● Task to carry out:
Retype word for word the stretch of entries below from the line that has "Sharon hils online show from 04.07.26" through the line that has "Diament szlif okrągły, 0.42ct, SI1, E, GIA", and omit the pictures.

● Supplied data:

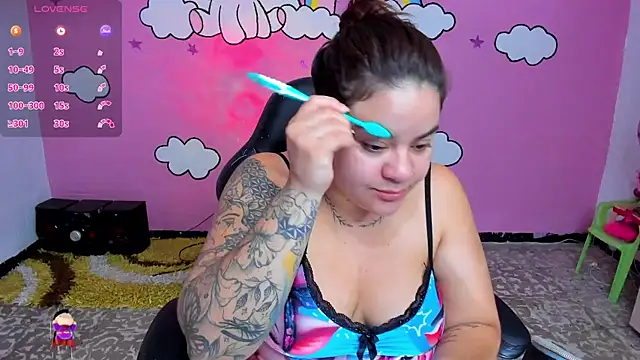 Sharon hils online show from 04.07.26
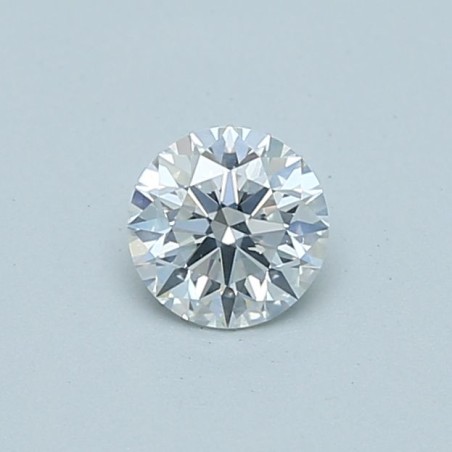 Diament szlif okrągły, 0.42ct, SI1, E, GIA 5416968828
==
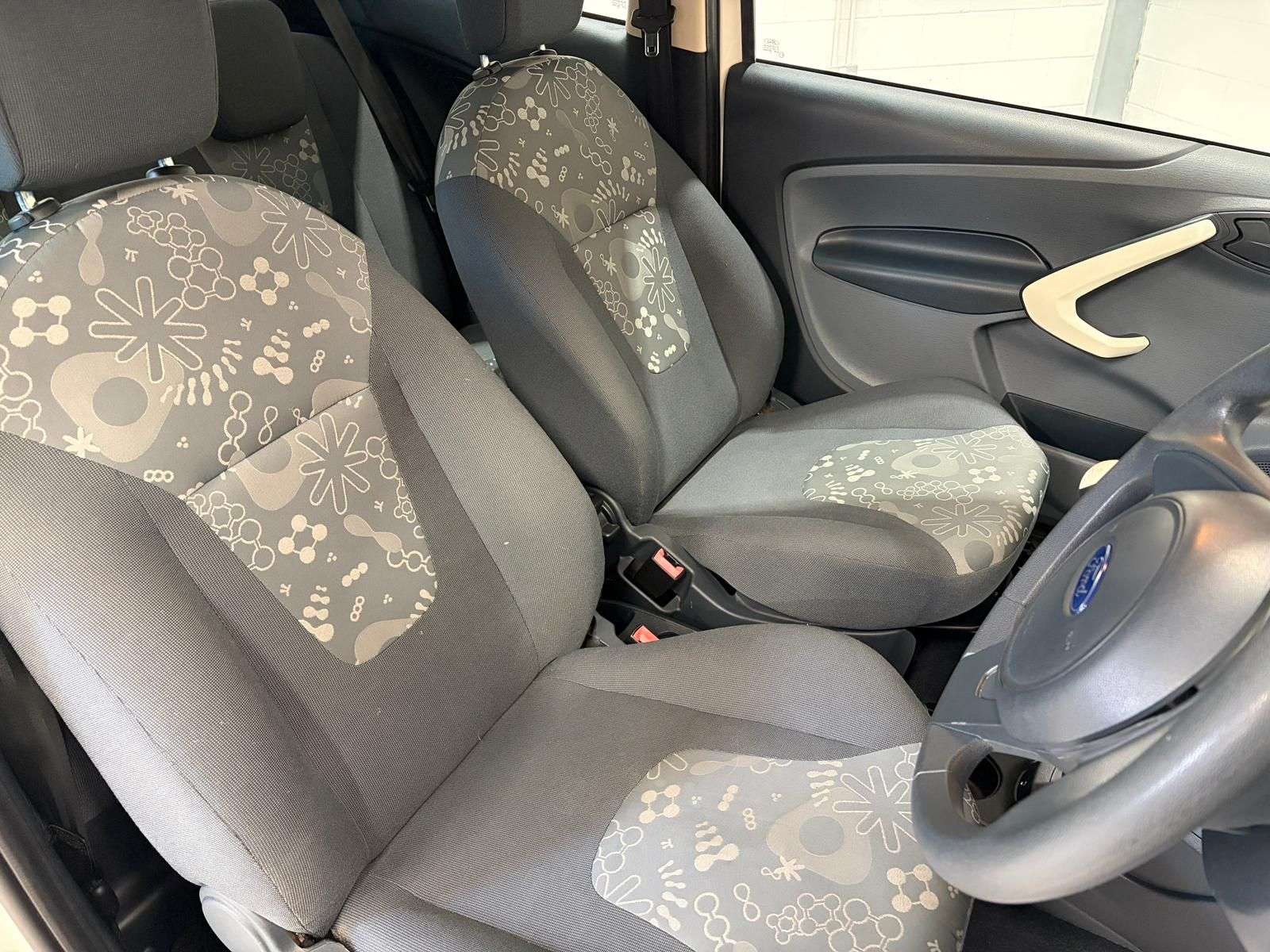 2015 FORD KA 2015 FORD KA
---
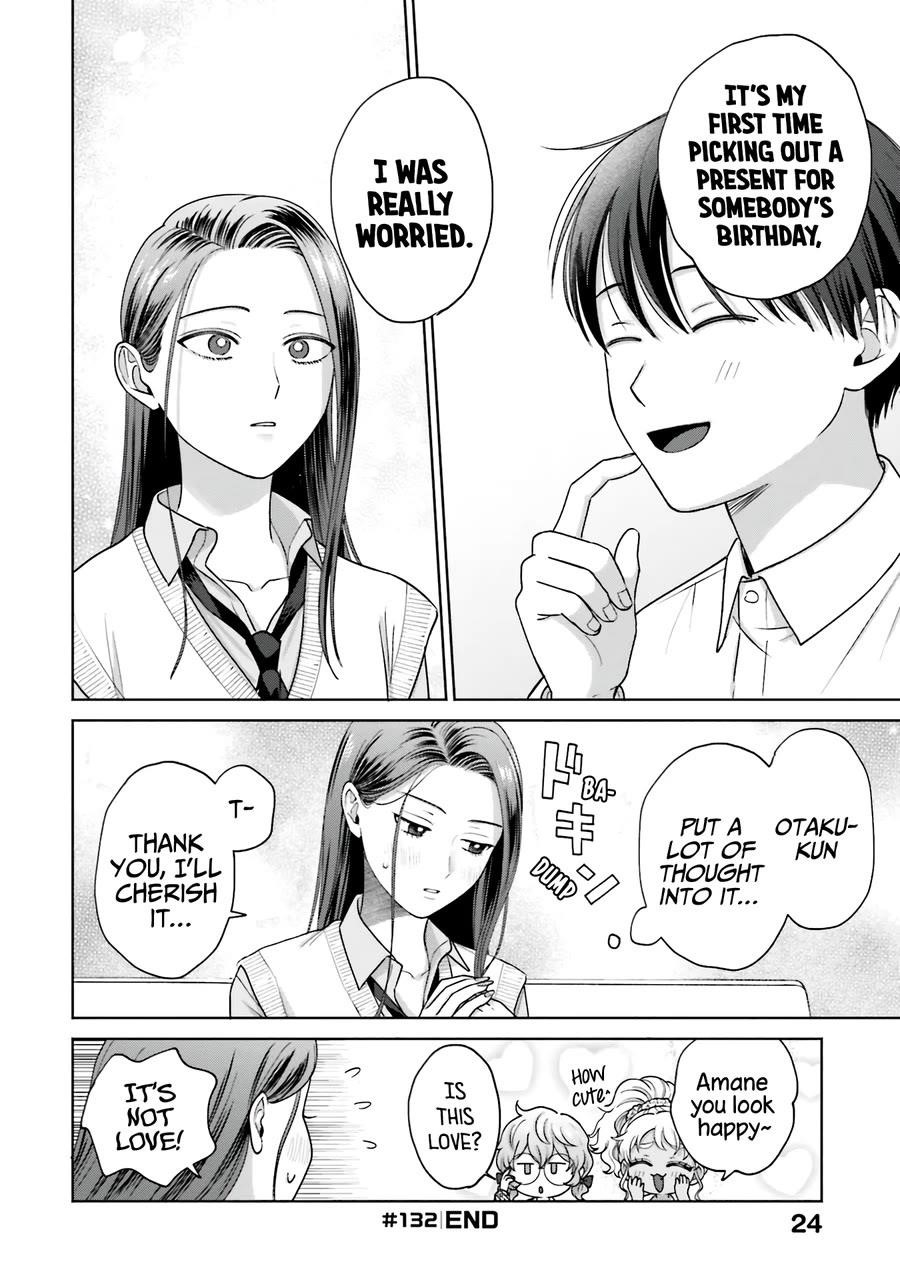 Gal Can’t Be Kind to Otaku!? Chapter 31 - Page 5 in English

● Solution to this exercise:
 Sharon hils online show from 04.07.26
 Diament szlif okrągły, 0.42ct, SI1, E, GIA 5416968828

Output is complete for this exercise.